Se da una parte, ha sottolineato De Raho, la pena deve essere certa, dall'altra la dignità deve essere garantita perché possa avviarsi quel processo di riabilitazione che se nel profondo si può manifestare solo agli occhi di Dio, agli uomini deve mostrarsi attraverso atti concreti.

“Come disse mio fratello Giovanni – ha ricordato in un messaggio Maria Falcone - non bisogna mai dimenticare che in ognuno degli assassini c'è un barlume di umanità”. De Raho ha infatti raccontato come molti detenuti in regime di 41bis, dopo anni di colloqui con i parenti, affermino: “se avessi pensato che poteva esserci una vita diversa, non avrei scelto la vita che ho fatto”. Tutti, dunque, abbiamo una responsabilità: far sì che quella scelta diversa sia sempre possibile. E' questo il cambiamento culturale di cui abbiamo bisogno.

Ecco una parte dellla lettera inviata da Maria Falcone, che non è potuta intervenire all'iniziativa di Chieti dell'8 giugno a cui si riferisce questo articolo:

Il libro, a cui volentieri ho dato il mio contributo, è un percorso di indagine in cui l’autrice ha prestato ascolto al dolore delle vittime di mafia e, parallelamente, al dolore di chi, essendosi macchiato di quei delitti, ne sconta tuttora la pena.
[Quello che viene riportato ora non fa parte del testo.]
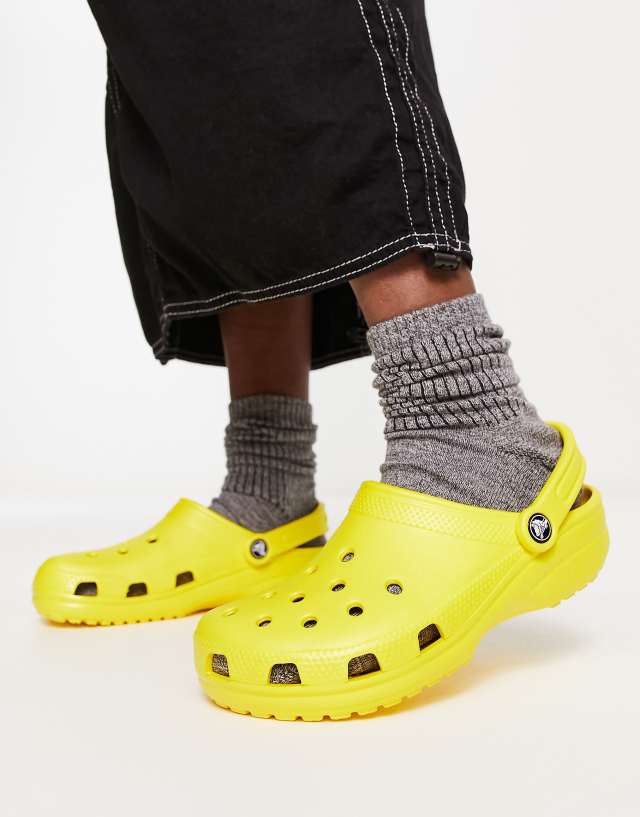 Crocs classic clogs in Lemon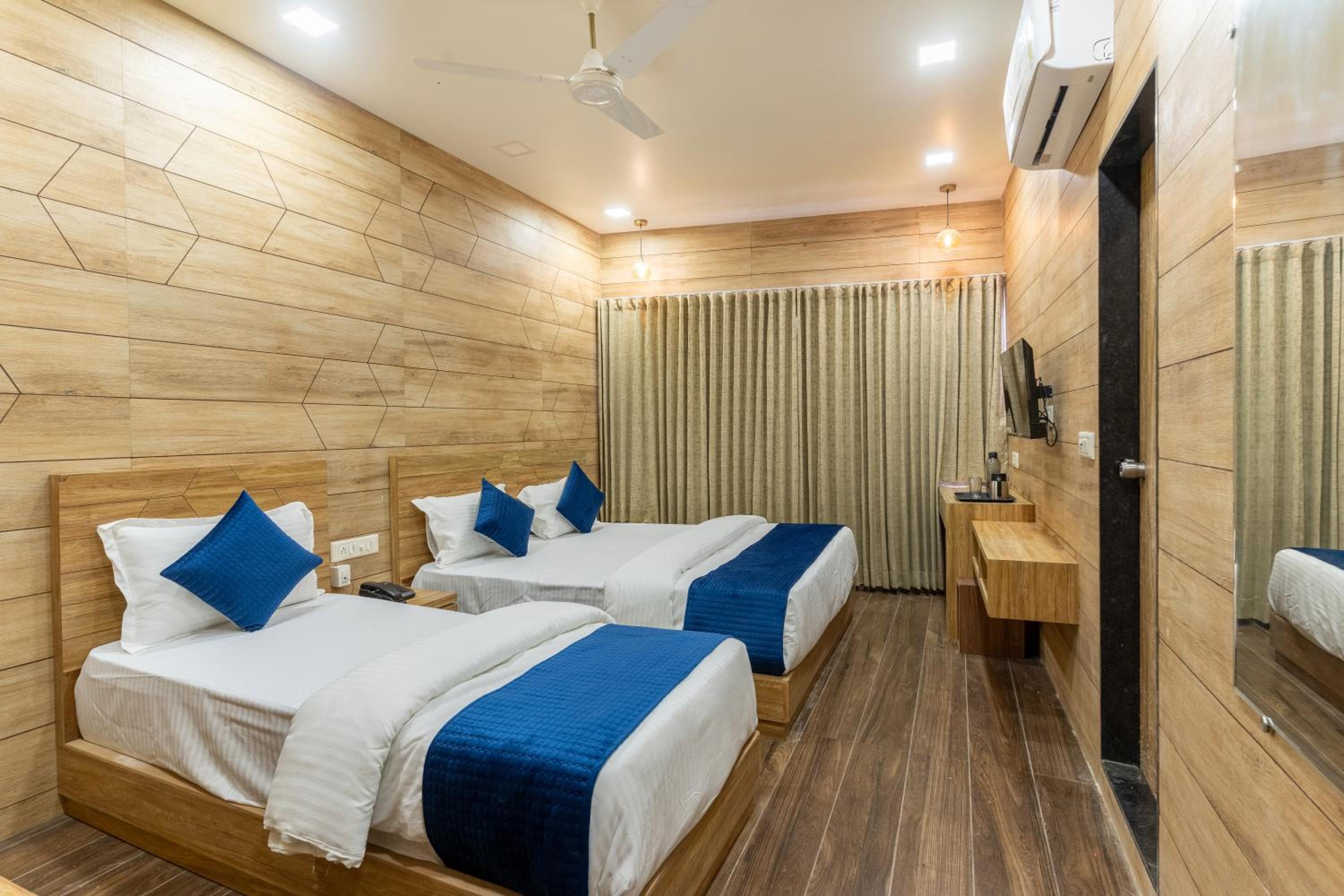Deluxe Triple Room photo 3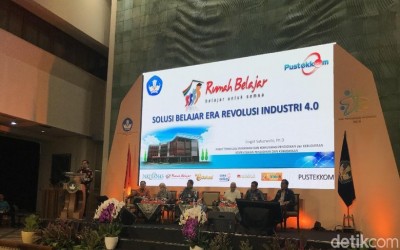 Peringati Hardiknas, Kemendikbud Angkat Isu Teknologi Pendidikan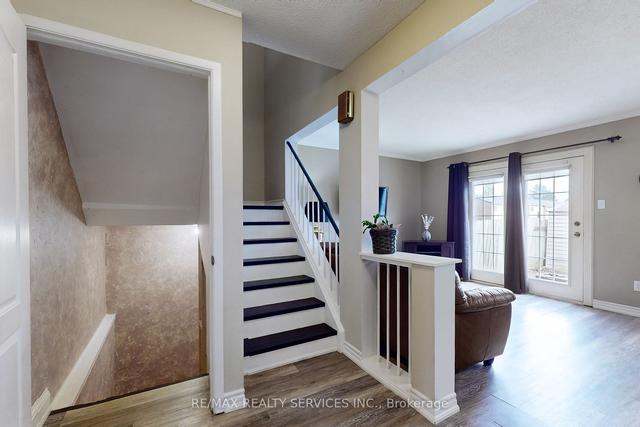 9 Greenhills Sq, House attached with 3 bedrooms, 1 bathrooms and 3 parking in Brampton ON | Image 11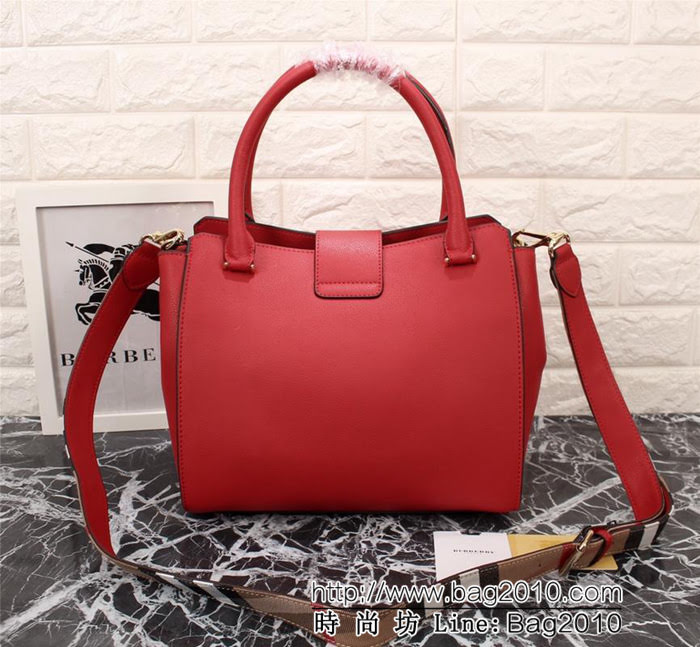 BURBERRY巴寶莉 最新走秀款 博柏利托特包款 The Buckle搭扣包 90221  Bhq1040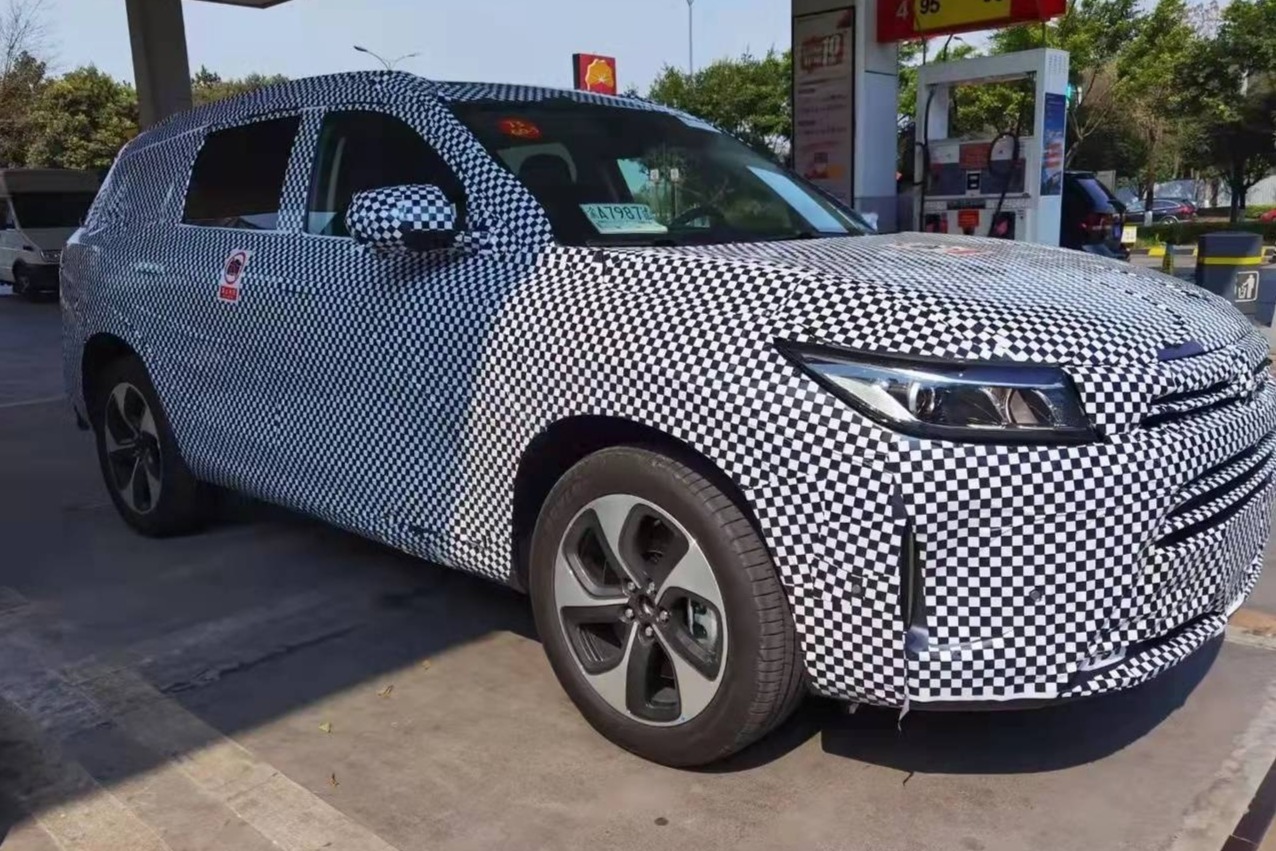 AITO中大型SUV明年发布  6座布局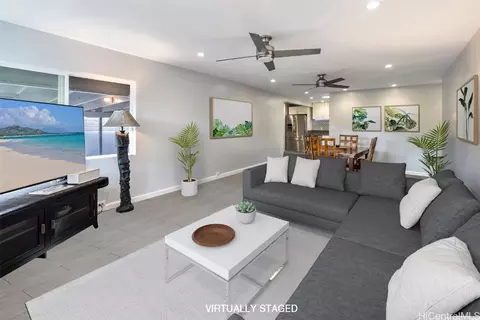 650 Oneawa St, Kailua, HI 96734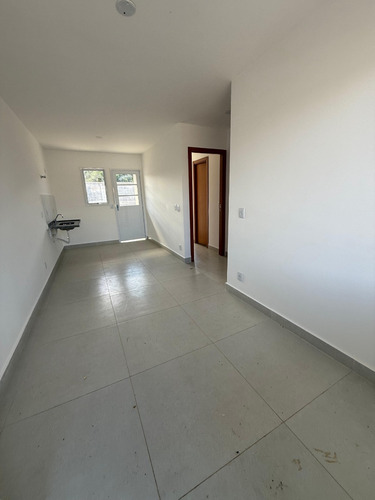 Casa Com 2 Quartos E Entrada Facilitada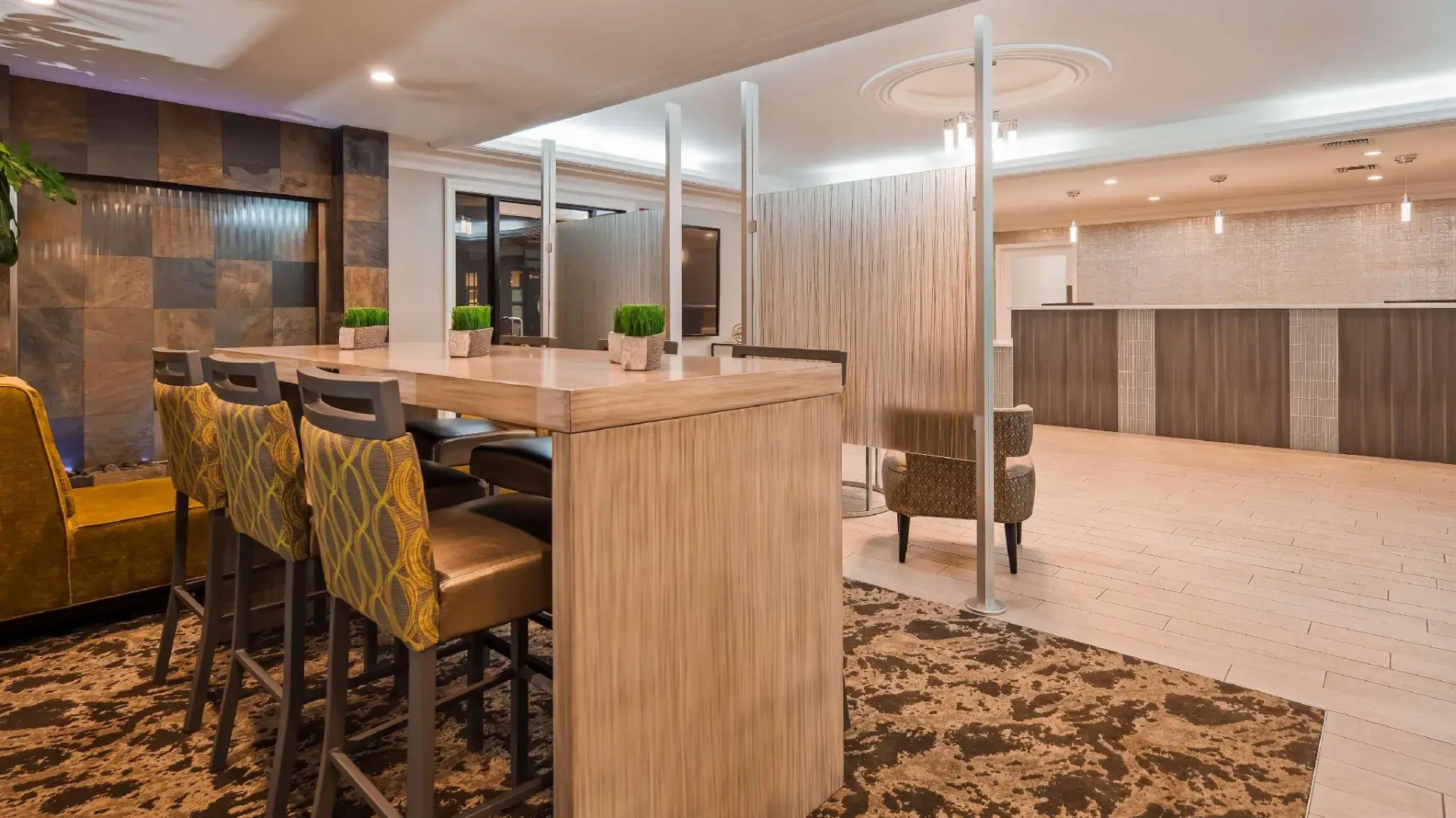 Foto - Best Western Plus Ontario Airport & Convention Center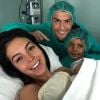 Cristiano Ronaldo, devenu papa pour la 4e fois, pose avec Georgina, leur fille, et son fils aîné. Le 12 novembre 2017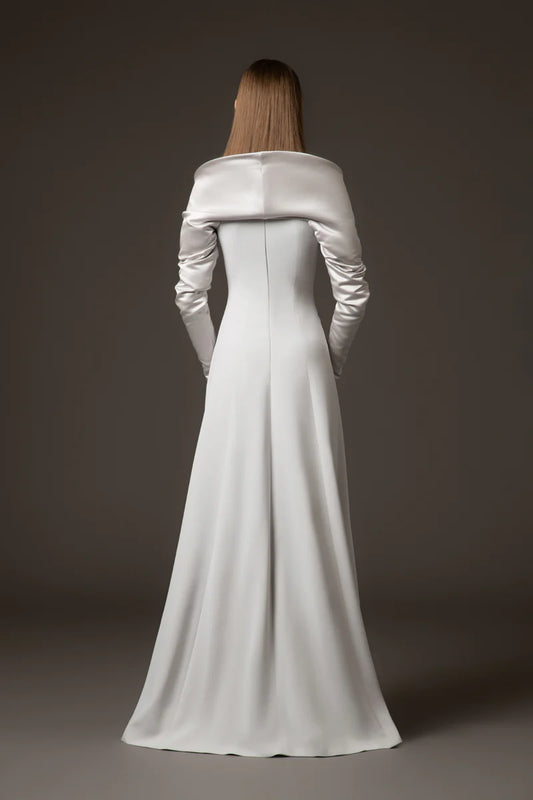 Halter Neck Light Grey CrΓͺpe Dres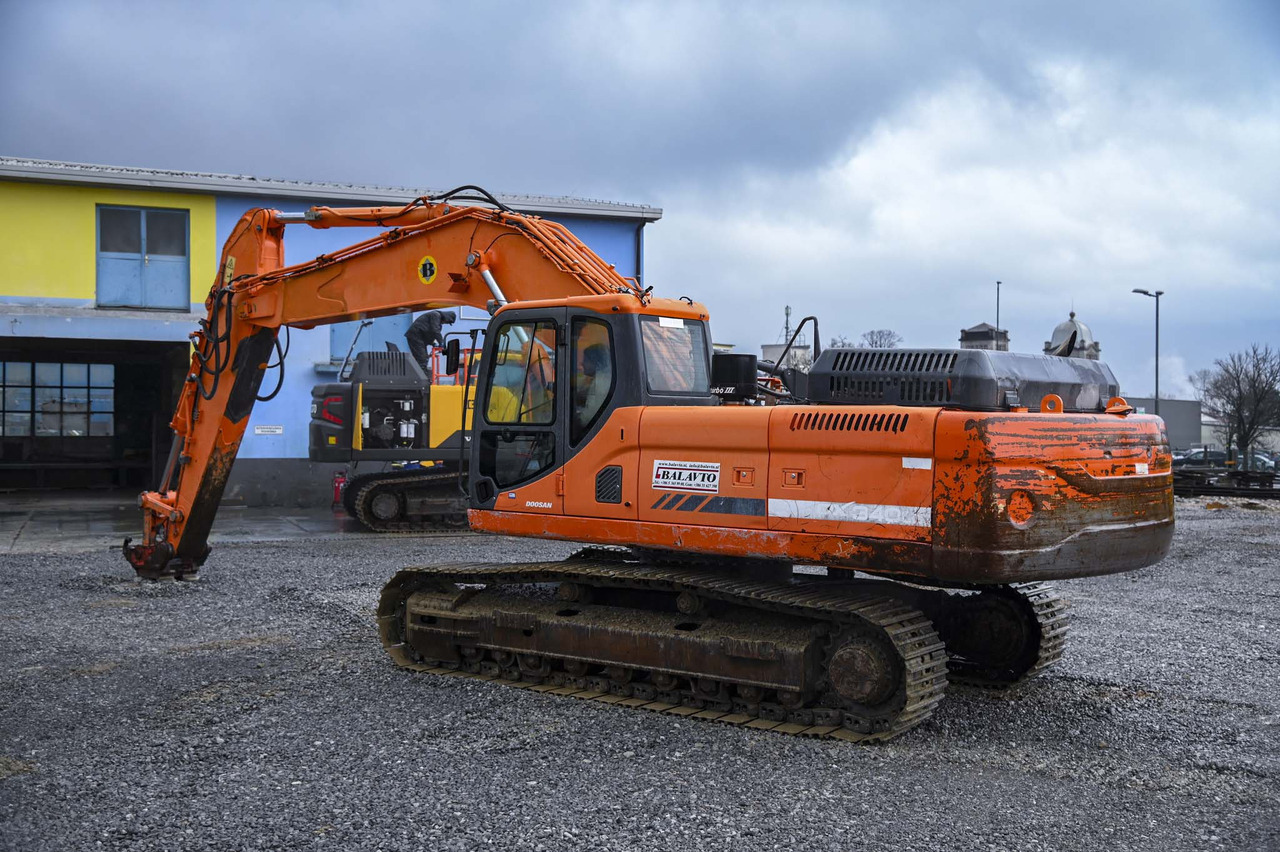 Doosan DX340LC - حفارات زحافة: صور 4 Doosan DX340LC - حفارات زحافة: صور 4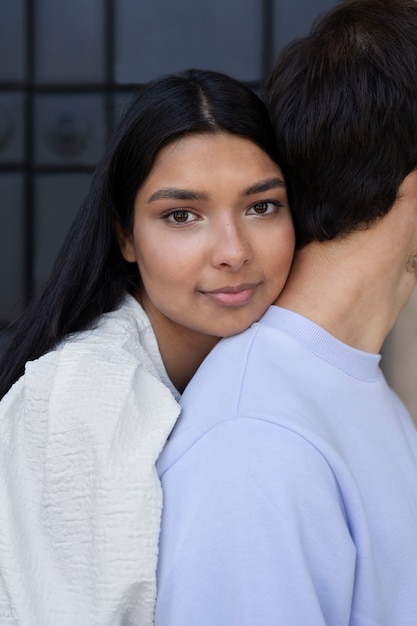 Foto gratuita pareja compartiendo tiernos momentos de intimidad pública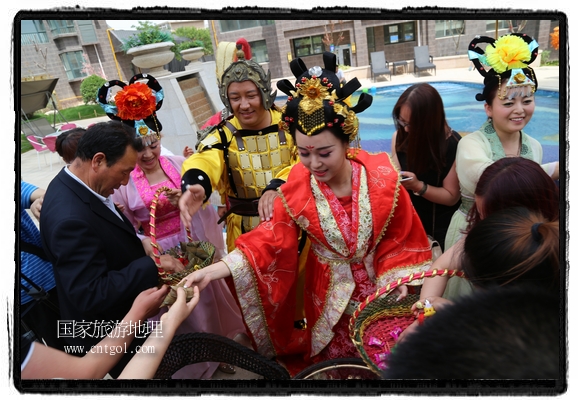 6月19日，端午節(jié)的前一天，甘肅平?jīng)鍪嗅轻紖^(qū)南山公園澳廈麗灣小區(qū)“邀請”唐朝被譽為四大美女之一的“楊貴妃”前來與市民見面，共度“端午佳節(jié)”。期間，“貴妃娘娘”由一名解說人員做向?qū)?，與小區(qū)居民一同游玩、賞景、互敬酒水、合影留念，并現(xiàn)場贈送大人小孩粽子、香包和糖果。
Quell’umiltà di ascoltare il lato umano di persone che la legge ha condannato mi ha fatto ricordare quanto ebbe a pronunciare in un’intervista mio fratello Giovanni: “Non bisogna mai dimenticare che in ognuno degli assassini c'è un barlume di umanità”. Credo che la chiave di volta per il cambiamento sociale che tanto auspichiamo sia proprio la capacità di guardare a “quel barlume di umanità”. Questo da un lato significa tener desta la capacità di discernimento nel bambino/adolescente attraverso la fondamentale azione di educazione alla legalità nelle scuole perché i giovani non possano più dire di non sapere che cosa è la mafia. Allo stesso tempo è essenziale il ruolo di informazione svolto dai giornalisti che possono scegliere di raccontare la giustizia alla società civile non solo come sistema, ma anche come apertura a percorsi di riparazione. La speranza è che la platea di giornalisti qui presenti possa cogliere l’urgenza di una informazione che sappia aprire la società alla speranza di giustizia e anche ad una giustizia di speranza.